Uit de rib van de mens wordt een vrouw geschapen. In het Hebreeuws valt het veel meer op. De naam voor vrouw is niet een vrouwelijke uitgang van het Hebreeuwse woord voor mens (Adam), maar een compleet nieuw woord ‘Issha’. Zelfs en dat is helemaal opvallend is het niet een vrouwelijke uitgang van het woord voor man, wat we later (vers 23) in de Bijbel aantreffen (Ish). Dit is echt een nieuw, uniek woord. De vrouw is een uniek schepsel en een opzichzelf staand schepsel ten opzichte van de man.
Als God de vrouw bij de man brengt kan Adam zijn geluk niet op. De mens is compleet want het bestaat uit twee. Blijkbaar heeft Adam de vrouw als een helper en partner nodig. Iemand waarmee hij kan overleggen, spreken en denken, iets wat hij niet met de dieren kon. Net zoals bij de dieren geeft hij ook de vrouw een naam. Hij noemt haar Issha. Zoals we gezien hebben is het een zelfstandig schepsel maar toch wordt het in onze Bijbel vertaald als Mannin, alsof het een vrouwelijke versie van de man is. Nee, de vrouw is niet lager van de man of slechts de vrouwelijke versie van de man. Een vrouw krijgt een geheel eigen positie en een eigen unieke naam.
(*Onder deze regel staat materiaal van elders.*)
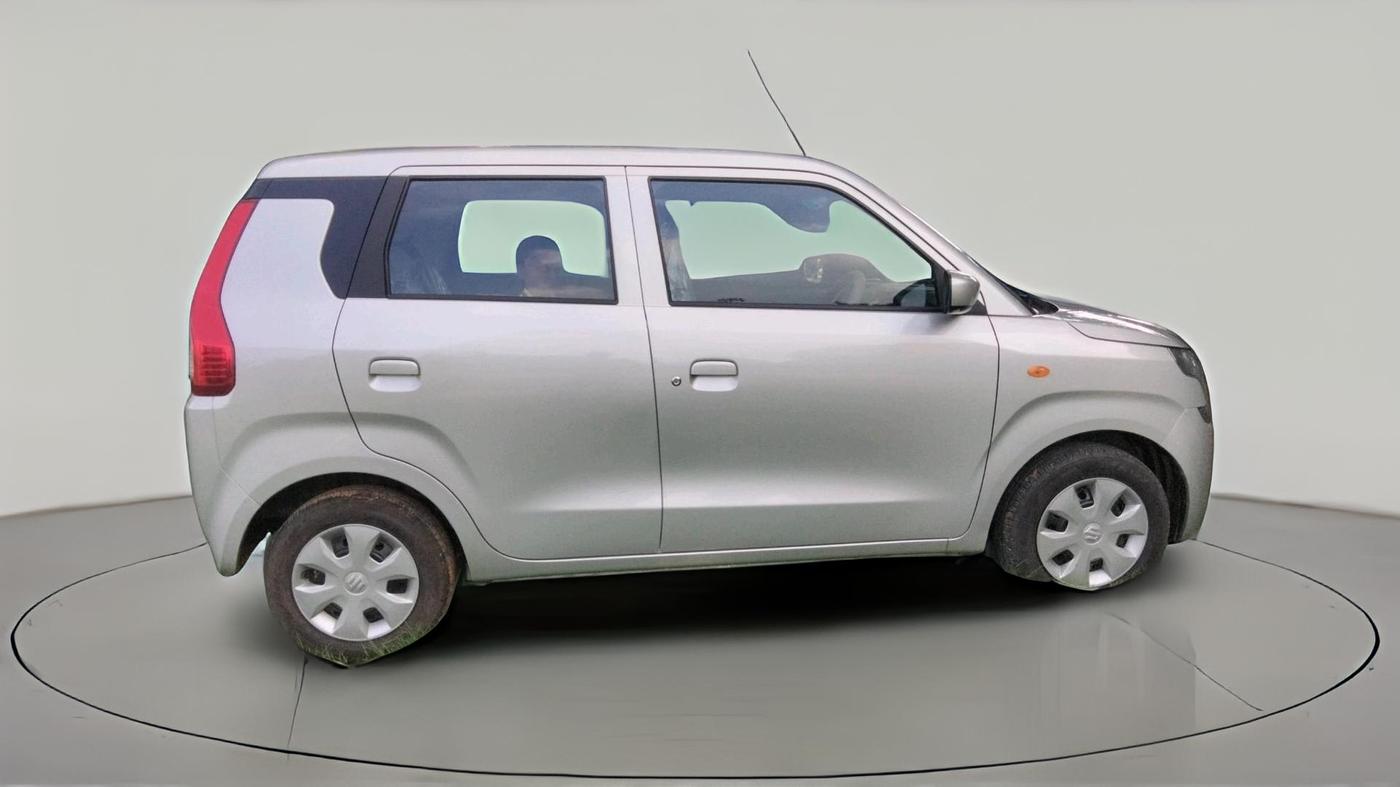 2025 Maruti New Wagon-R VXI 1.0 AMT, Petrol, Automatic, 4,766 km, exterior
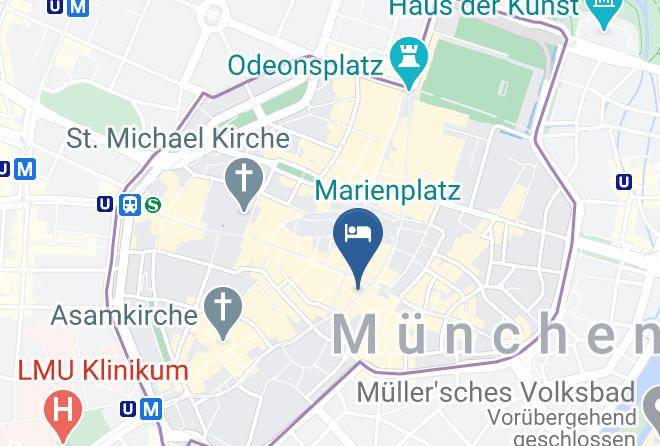 Munich District - Beyond By Geisel Maps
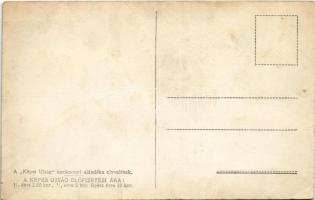 Az ordonánc motoros a Dunán, motorcsónak. Az Képes Újság karácsonyi ajándéka / K.u.K. Kriegsmarine /...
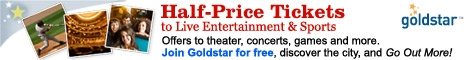 Half Price NYC Tickets GoldStar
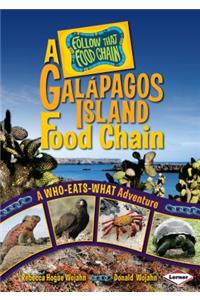A Galápagos Island Food Chain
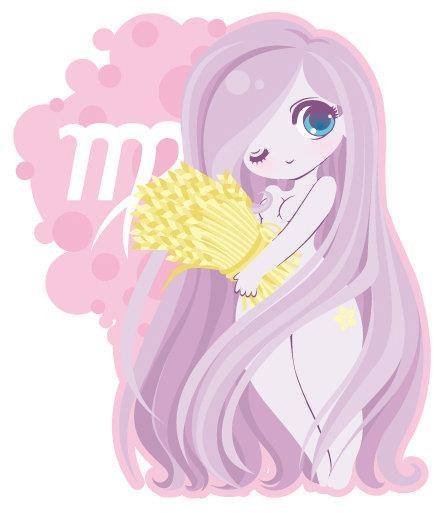 cung xử nữ anime 63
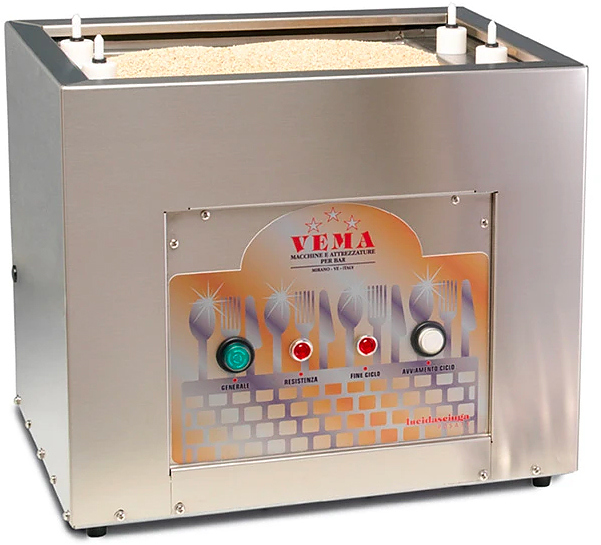 Машина для сушки и полировки столовых приборов Vema AP2091/E — машины для сушки и полировки посуды, ориентир от 292 026 ₽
In mijn vorige blog eindigde ik met dezelfde gedachte als Alisdair MacIntyre. In gemeenschap kunnen wij nog bepalen wat goed en fout is. We hebben elkaar nodig om te ontdekken hoe we moeten leven, geloven etc. Juist in het scheppingsverhaal van Genesis 2 komt dit naar voren. De mens is niet compleet met 1 mens. De mens is pas goed en compleet als zij bestaat uit twee. We hebben elkaar nodig in het leven, we kunnen niet zonder elkaar en hebben elkaar dus ook nodig om God te dienen, te bepalen wat goed en fout is. Niet onder elkaar maar naast elkaar als helpers en partners. In dit geval kunnen we dus spreken van een Pax Creatio. In de vrede van de schepping van de mens is het pas echt vredig en goed als de mens elkaar heeft en in elkaar elkaars gelijke vindt. Wij zijn dus geschapen voor elkaar en met elkaar. Samen vormt de mens een eenheid.
De kerk kan een voorbeeld zijn om te laten zien hoe gemeenschap eruit ziet. Elkaars gelijke vinden, geen hiërarchie maar elkaar zien als gelijke schepselen ieder op zijn of haar eigen plek en samen opp zoek gaan naar het goede van het leven met God en samen overleggen, praten, zingen en denken om dat allemaal te doen in het licht en toezicht van een God die de tijd overziet.